0. Preprocessing Data
str(iris)
'data.frame': 150 obs. of 6 variables:
$ Sepal.Length: num 5.1 4.9 4.7 4.6 5 5.4 4.6 5 4.4 4.9 ...
$ Sepal.Width : num 3.5 3 3.2 3.1 3.6 3.9 3.4 3.4 2.9 3.1 ...
$ Petal.Length: num 1.4 1.4 1.3 1.5 1.4 1.7 1.4 1.5 1.4 1.5 ...
$ Petal.Width : num 0.2 0.2 0.2 0.2 0.2 0.4 0.3 0.2 0.2 0.1 ...
$ Species : Factor w/ 3 levels "setosa","versicolor",..: 1 1 1 1 1 1 1 1 1 1 ...
$ dv : logi FALSE TRUE FALSE TRUE FALSE TRUE ...
Add column to divide test and train data
set.seed(19731027)
iris$dv = FALSE
iris[sort(sample(nrow(iris), nrow(iris[,])*.8, replace=FALSE)),'dv'] = TRUE
head(iris)
Split Train and Test data
iris.train <- iris[iris$dv==TRUE,-6]
iris.test <- iris[iris$dv==FALSE,-6]
nrow(iris.train)
[1] 120
nrow(iris.test)
[1] 30
1. Multinominal Regression Analysis
Make Multinomial Model
library(nnet)
regression.model <- multinom(Species~.,data=iris.train)
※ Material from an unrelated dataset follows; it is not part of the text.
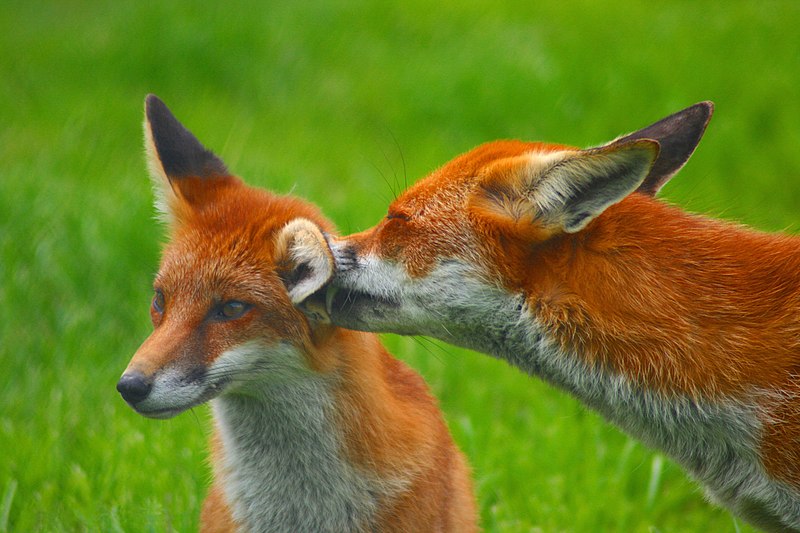 Top 5 animals that cannot be tamed or domesticated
# weights: 18 (10 variable)
initial value 131.833475
iter 10 value 12.062172
iter 20 value 2.662125
iter 30 value 2.140514
iter 40 value 2.117763
iter 50 value 2.114543
iter 60 value 2.080945
iter 70 value 1.993777
iter 80 value 1.981856
iter 90 value 1.973497
iter 100 value 1.958383
final value 1.958383
stopped after 100 iterations
rg.predicted <- predict(regression.model,iris.test)
Make Confusion Matrix
table(rg.predicted, iris.test$Species)
rg.predicted setosa versicolor virginica
setosa 15 0 0
versicolor 0 8 1
virginica 0 0 6
Calculate Accuracy with Test Data
sum(rg.predicted == iris.test$Species)/nrow(iris.test)
[1] 0.9666667
2.Decision Tree
Make Decion Tree Model
library(rpart)
dt.model <- rpart(Species ~ Sepal.Length + Sepal.Width + Petal.Length + Petal.Width, data=iris.train, method = "class")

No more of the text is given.